Donald Tusk nie przedstawił w sobotę wizji na przyszłość ani nawet zalążka programu. Ale wskazał coś, co dla partii w rywalizacji z PiS jest – przynajmniej na tym etapie – ważniejsze: oś sporu. Wykorzystał niemądre słowa Ryszarda Terleckiego o możliwym wyjściu Polski z Unii, by podzielić scenę polityczną na dwie części: antyunijny PiS i prounijną Platformę. A nawet więcej – PiS, który chce Polskę z Unii wyprowadzić, i Platformę, dla której obecność Polski w Unii jest jedną z najważniejszych wartości.
Dla PO to może być słuszna droga, jeśli uda się jej wykorzystać niepokój Polaków o przyszłość Polski we wspólnocie. To oś, której partia od dawna nie umiała zgrabnie zarysować i która może dać jej sporo politycznego paliwa. Rzecz jasna, PO oskarża PiS o dążenie do polexitu nie od dziś. Teraz jednak temat za sprawą wzmożenia konfliktów rządu z UE i słów Terleckiego może wybrzmieć głośno i zagrać na emocjach wyborców.
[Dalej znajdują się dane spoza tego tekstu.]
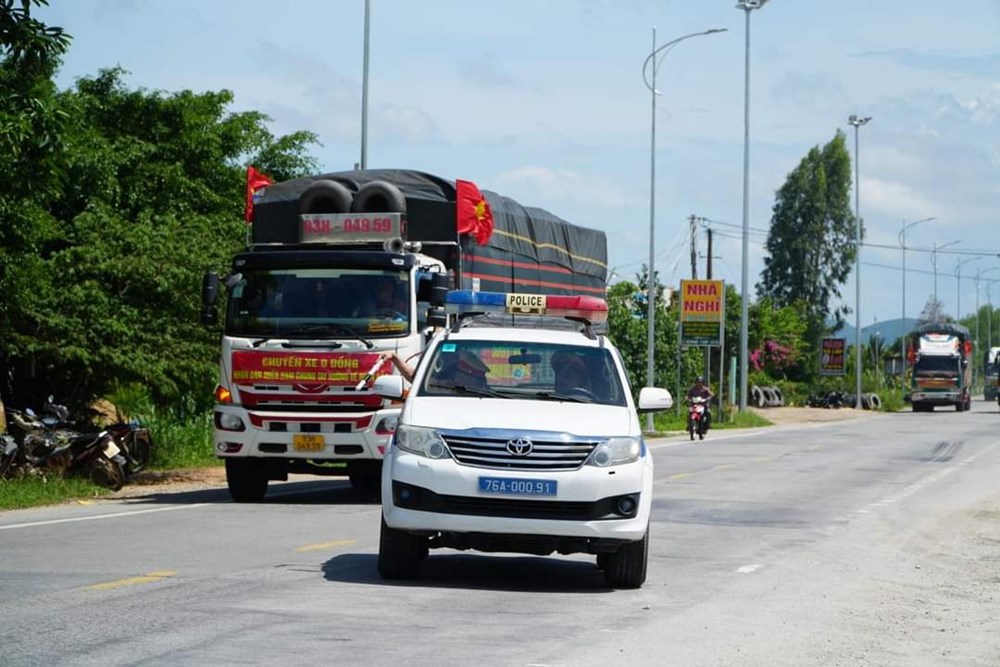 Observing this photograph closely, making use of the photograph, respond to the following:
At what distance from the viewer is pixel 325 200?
19.9 meters

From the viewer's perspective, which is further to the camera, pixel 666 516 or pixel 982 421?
pixel 982 421

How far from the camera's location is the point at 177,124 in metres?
33.8

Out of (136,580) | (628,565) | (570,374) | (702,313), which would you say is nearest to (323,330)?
(570,374)

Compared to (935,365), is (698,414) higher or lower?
lower

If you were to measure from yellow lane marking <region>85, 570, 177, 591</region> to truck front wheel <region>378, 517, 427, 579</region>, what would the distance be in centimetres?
151

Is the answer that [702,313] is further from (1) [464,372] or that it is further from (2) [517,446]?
(2) [517,446]

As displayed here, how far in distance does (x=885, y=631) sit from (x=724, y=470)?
1841 cm

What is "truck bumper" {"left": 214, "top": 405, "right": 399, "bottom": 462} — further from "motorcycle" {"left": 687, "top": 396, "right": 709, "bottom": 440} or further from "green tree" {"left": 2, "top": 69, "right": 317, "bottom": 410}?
"motorcycle" {"left": 687, "top": 396, "right": 709, "bottom": 440}

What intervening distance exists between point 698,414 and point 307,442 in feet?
81.6

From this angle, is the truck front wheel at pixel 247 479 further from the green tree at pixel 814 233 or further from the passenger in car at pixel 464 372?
the green tree at pixel 814 233

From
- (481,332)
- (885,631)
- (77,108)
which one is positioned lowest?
(885,631)

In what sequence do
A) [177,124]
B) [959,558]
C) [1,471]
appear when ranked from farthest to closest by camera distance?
1. [177,124]
2. [1,471]
3. [959,558]

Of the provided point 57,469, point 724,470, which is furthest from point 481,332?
point 724,470

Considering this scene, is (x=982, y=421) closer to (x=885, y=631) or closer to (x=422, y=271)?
(x=422, y=271) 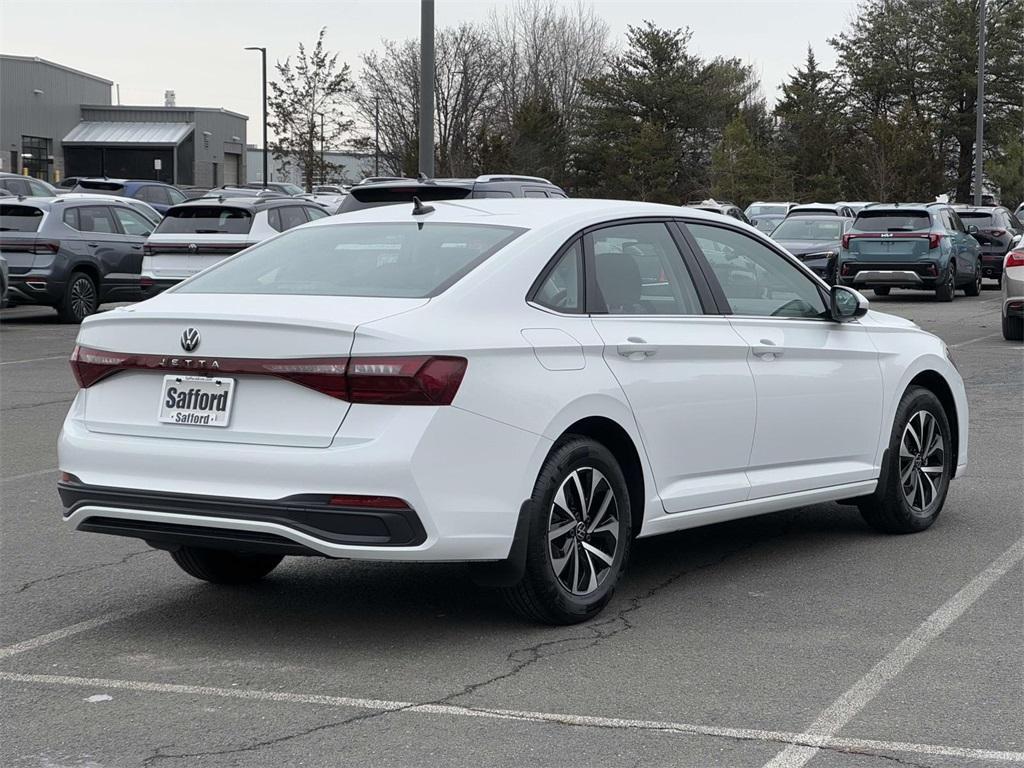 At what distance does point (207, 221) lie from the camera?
66.7 ft

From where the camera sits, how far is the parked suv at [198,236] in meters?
20.0

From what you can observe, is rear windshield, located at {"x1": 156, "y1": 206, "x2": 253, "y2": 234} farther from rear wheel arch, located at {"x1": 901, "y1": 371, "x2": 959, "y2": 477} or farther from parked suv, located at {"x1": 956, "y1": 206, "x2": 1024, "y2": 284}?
parked suv, located at {"x1": 956, "y1": 206, "x2": 1024, "y2": 284}

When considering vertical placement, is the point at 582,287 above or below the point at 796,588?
above

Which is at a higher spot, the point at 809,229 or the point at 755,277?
the point at 755,277

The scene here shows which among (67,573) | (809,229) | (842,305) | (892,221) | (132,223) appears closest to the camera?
(67,573)

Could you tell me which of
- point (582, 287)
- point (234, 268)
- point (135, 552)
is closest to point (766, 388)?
point (582, 287)

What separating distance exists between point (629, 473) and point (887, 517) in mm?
2080

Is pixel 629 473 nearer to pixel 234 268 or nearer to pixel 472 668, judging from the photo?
pixel 472 668

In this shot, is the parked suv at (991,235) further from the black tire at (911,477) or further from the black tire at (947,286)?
the black tire at (911,477)

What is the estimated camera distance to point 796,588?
667cm

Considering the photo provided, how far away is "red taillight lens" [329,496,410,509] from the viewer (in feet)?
17.3

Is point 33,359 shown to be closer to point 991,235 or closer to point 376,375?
point 376,375

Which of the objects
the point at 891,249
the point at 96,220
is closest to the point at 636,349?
the point at 96,220

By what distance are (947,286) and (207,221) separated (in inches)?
553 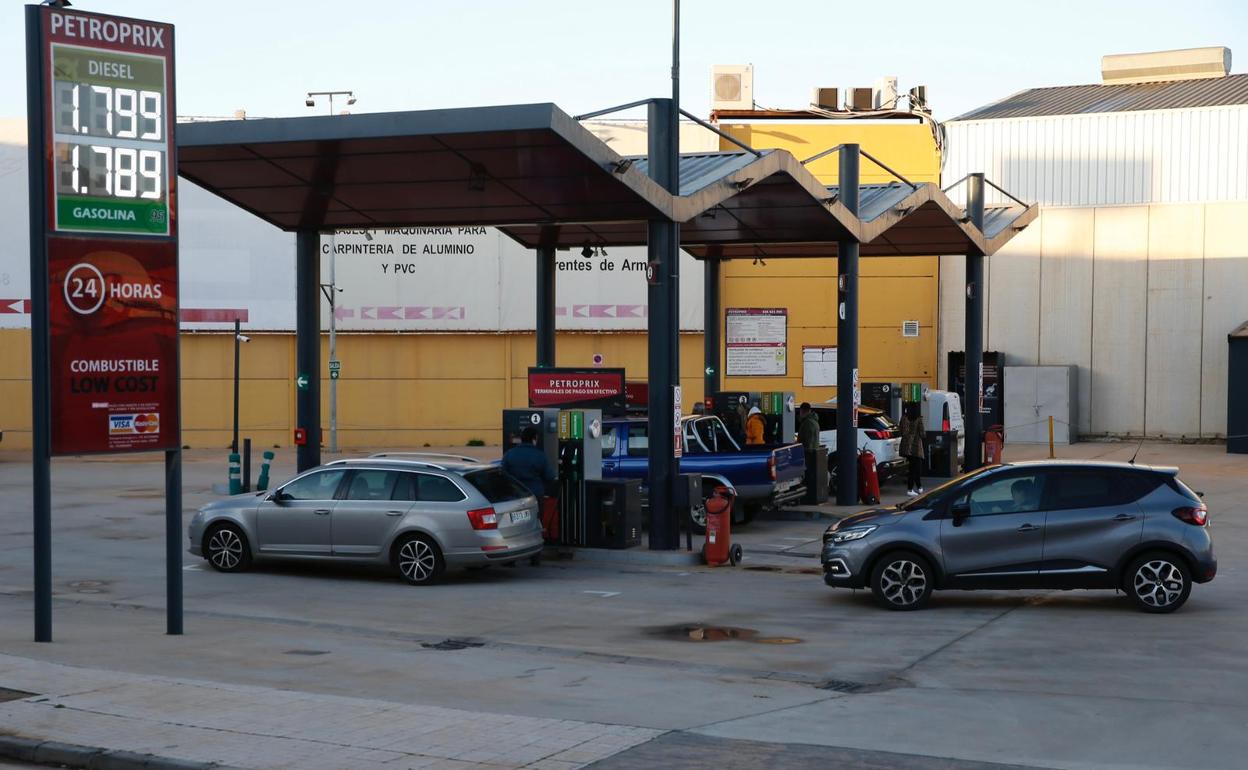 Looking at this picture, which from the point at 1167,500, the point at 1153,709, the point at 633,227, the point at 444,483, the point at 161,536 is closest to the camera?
the point at 1153,709

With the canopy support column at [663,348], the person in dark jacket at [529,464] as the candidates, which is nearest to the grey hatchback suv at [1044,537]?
the canopy support column at [663,348]

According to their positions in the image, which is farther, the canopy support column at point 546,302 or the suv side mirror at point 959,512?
the canopy support column at point 546,302

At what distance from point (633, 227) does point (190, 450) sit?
70.1ft

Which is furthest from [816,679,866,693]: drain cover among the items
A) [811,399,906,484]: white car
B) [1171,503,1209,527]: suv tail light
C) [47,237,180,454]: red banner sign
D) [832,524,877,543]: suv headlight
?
[811,399,906,484]: white car

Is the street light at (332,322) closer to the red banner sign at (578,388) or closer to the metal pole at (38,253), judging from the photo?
the red banner sign at (578,388)

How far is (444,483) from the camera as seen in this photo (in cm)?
1594

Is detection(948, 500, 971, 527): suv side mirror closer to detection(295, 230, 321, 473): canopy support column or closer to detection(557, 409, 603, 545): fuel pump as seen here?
detection(557, 409, 603, 545): fuel pump

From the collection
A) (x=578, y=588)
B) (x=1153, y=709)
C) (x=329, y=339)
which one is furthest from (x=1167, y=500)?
(x=329, y=339)

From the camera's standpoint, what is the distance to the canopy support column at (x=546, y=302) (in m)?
26.9

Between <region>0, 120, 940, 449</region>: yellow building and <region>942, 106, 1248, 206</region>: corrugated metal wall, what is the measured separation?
2.34 meters

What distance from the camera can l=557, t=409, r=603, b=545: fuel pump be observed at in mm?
18250

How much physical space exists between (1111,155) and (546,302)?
20186mm

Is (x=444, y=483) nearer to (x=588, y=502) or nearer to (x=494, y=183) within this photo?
(x=588, y=502)

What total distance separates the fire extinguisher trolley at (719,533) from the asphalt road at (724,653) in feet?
1.00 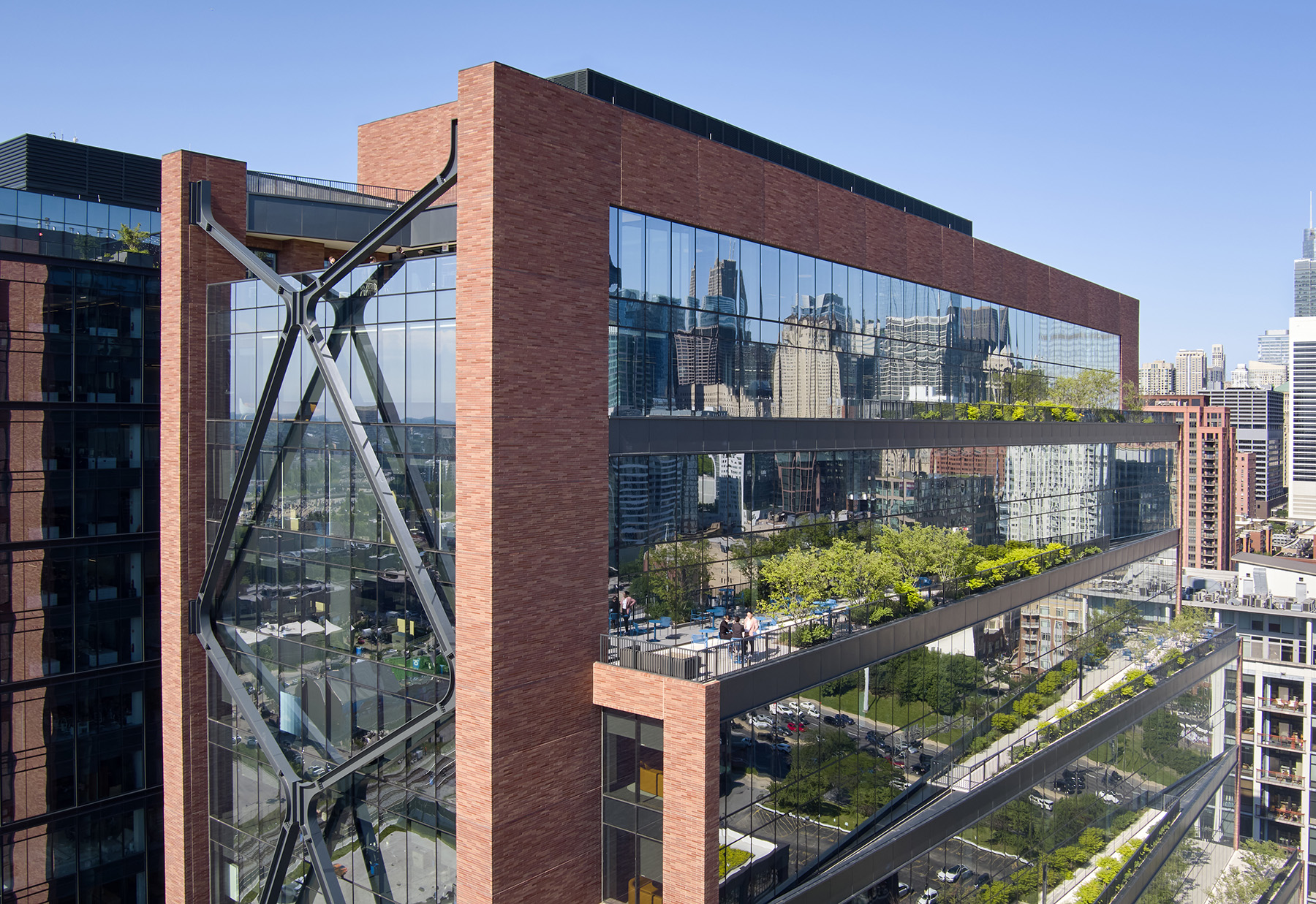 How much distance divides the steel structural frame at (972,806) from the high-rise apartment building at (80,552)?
73.8 feet

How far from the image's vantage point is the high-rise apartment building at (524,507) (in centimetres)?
1891

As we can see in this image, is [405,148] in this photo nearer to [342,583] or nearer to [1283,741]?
[342,583]

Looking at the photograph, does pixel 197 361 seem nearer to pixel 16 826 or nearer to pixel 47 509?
pixel 47 509

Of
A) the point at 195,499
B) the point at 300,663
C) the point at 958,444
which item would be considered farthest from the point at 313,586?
the point at 958,444

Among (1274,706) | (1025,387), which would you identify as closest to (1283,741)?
(1274,706)

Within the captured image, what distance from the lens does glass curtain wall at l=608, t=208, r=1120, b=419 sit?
2247 cm

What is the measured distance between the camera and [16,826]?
2877 centimetres

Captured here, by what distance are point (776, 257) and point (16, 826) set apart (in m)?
28.5

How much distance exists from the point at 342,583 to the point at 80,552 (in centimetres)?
1404

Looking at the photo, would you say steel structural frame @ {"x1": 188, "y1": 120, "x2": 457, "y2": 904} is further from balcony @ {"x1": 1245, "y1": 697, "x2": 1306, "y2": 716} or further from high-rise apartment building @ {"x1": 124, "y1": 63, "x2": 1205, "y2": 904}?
balcony @ {"x1": 1245, "y1": 697, "x2": 1306, "y2": 716}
Czytaj także: Polexit to nie groźba. W mentalności PiS on już dawno się zaczął
Cel PO: silna prowincja i samorządy
Szef PO wskazał też obszar, w którym partia musi pracować najpilniej – to prowincja. Tusk wezwał działaczy, by potrafili wykazać się empatią – wysłuchać i zrozumieć, czym żyją ludzie w mniejszych miastach, takich jak Nakło, Goleniów czy Olecko. Podkreślił, że aby w tego typu miejscowościach ludzie chcieli żyć, pracować i rozwijać się, musi tam być dostęp do dobrej edukacji, służby zdrowia i sprawnych instytucji publicznych.